Sad to say, this epidemic of red-white-and-blue stupidity, which has rolled over the USSA like an all consuming tidal wave of doltish nitwittedness, can now be seen on every hand. The brainless examples multiply daily, like rabbits.

The feeble-mindedness of the average USSA individual "entity" grows by leaps and bounds, with every passing year.

The Decline and Fall of the English Language

This is nowhere better seen than in the rapid decline of English language skills, on the part of the general population. My observations are focused on the USSA, but I believe what is happening could apply equally well to other English-speaking countries, such as Australia, England, etc. and also to France, Germany, Spain and other nations, with respect to their own national languages.

It is a fact that more and more people speak too rapidly, slur their words, and sloppily and indistinctly pronounce words, or use malapropisms, which error they may then further compound by also mispronouncing the malapropisms.

This has been a noticeable trend over the course of my life.

I am wondering if this massive degeneration in language skills may be a side effect of the high rate of drug usage (legal and illegal) and alcohol consumption in today's society?
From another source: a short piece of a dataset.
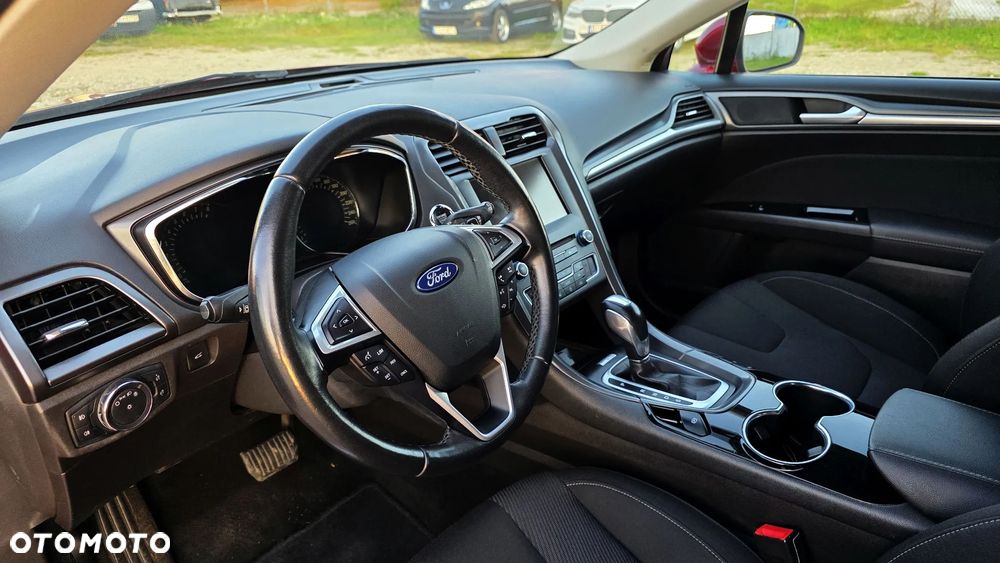 Ford Mondeo 2.0 T Ghia MPS6 - 15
Or is it merely a reflection of the declining mental capacity of the average person as more and more people fiercely compete to be stupider than the next person, in a dizzying, vertiginous, ever accelerating downward spiral to terminal, global weak-mindedness?

Vocabulary selection is rapidly becoming more and more substandard. Many people seem to think that when you set out to communicate, that one word will serve as well as another.

That theory runs into trouble exactly on this salient point: different words have different meanings. The changing of one letter or of an apostrophe completely changes the meaning of the word, and thereby the meaning of the communication. Is it any wonder that those who think most imprecisely and who spell the worst are so quick to sling the pejorative expression, "grammar NAZI," at those who do know how to spell, write and think coherently?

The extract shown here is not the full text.